- _Exercise_
Reproduce all of the data below without alteration; exclude every picture.

- _Recorded information_
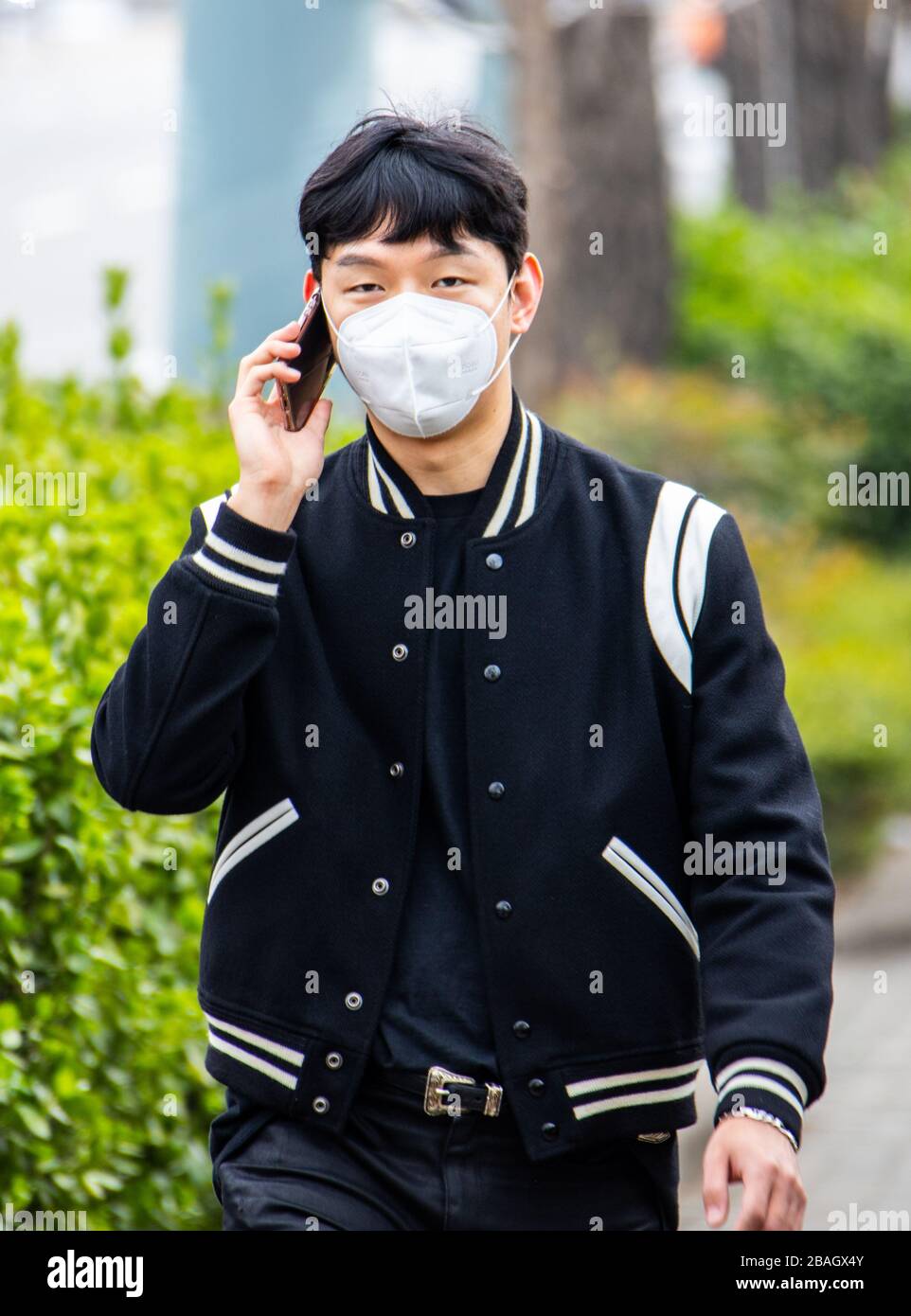 Giovane uomo sul suo cellulare che indossa una maschera protettiva durante la pandemia di Coronavirus, Seoul, Corea Foto Stock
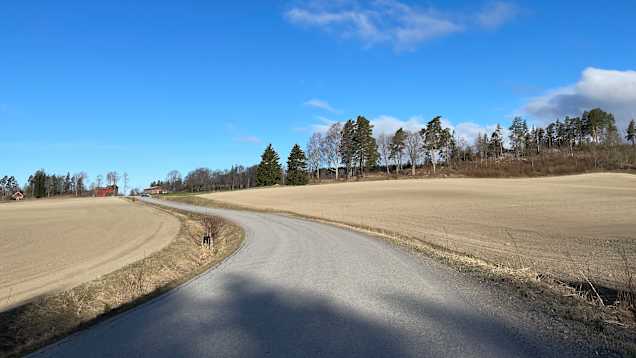 En landsväg som slingrar sig genom ett öppet jordbrukslandskap under en klar blå himmel.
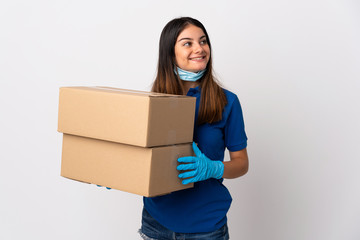 Young delivery woman protecting from the coronavirus with a mask isolated on white background looking up while smiling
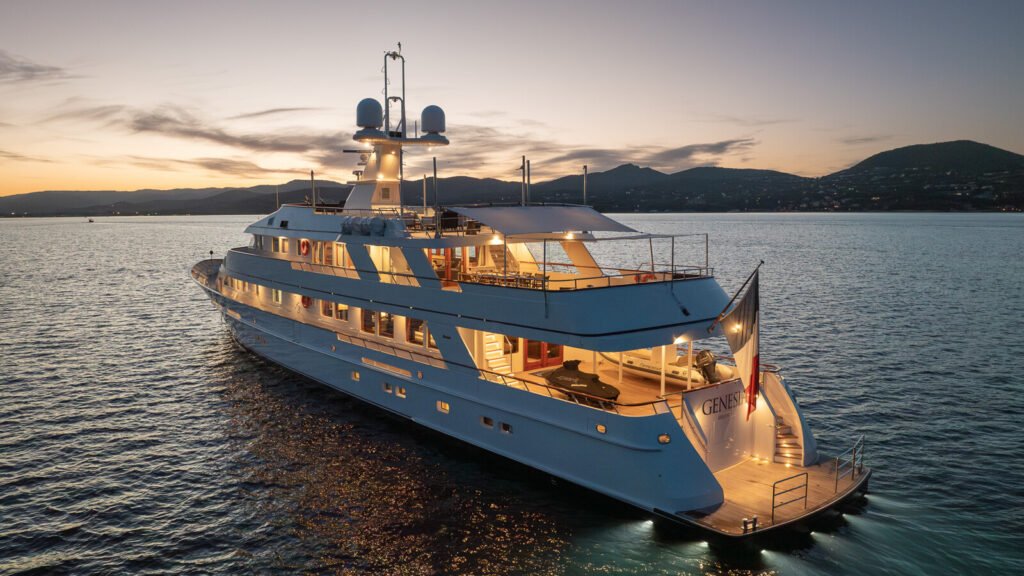 Genesia at anchor at dusk, deck lights lit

- _Exercise response_
 Giovane uomo sul suo cellulare che indossa una maschera protettiva durante la pandemia di Coronavirus, Seoul, Corea Foto Stock
 En landsväg som slingrar sig genom ett öppet jordbrukslandskap under en klar blå himmel.
 Young delivery woman protecting from the coronavirus with a mask isolated on white background looking up while smiling
 Genesia at anchor at dusk, deck lights lit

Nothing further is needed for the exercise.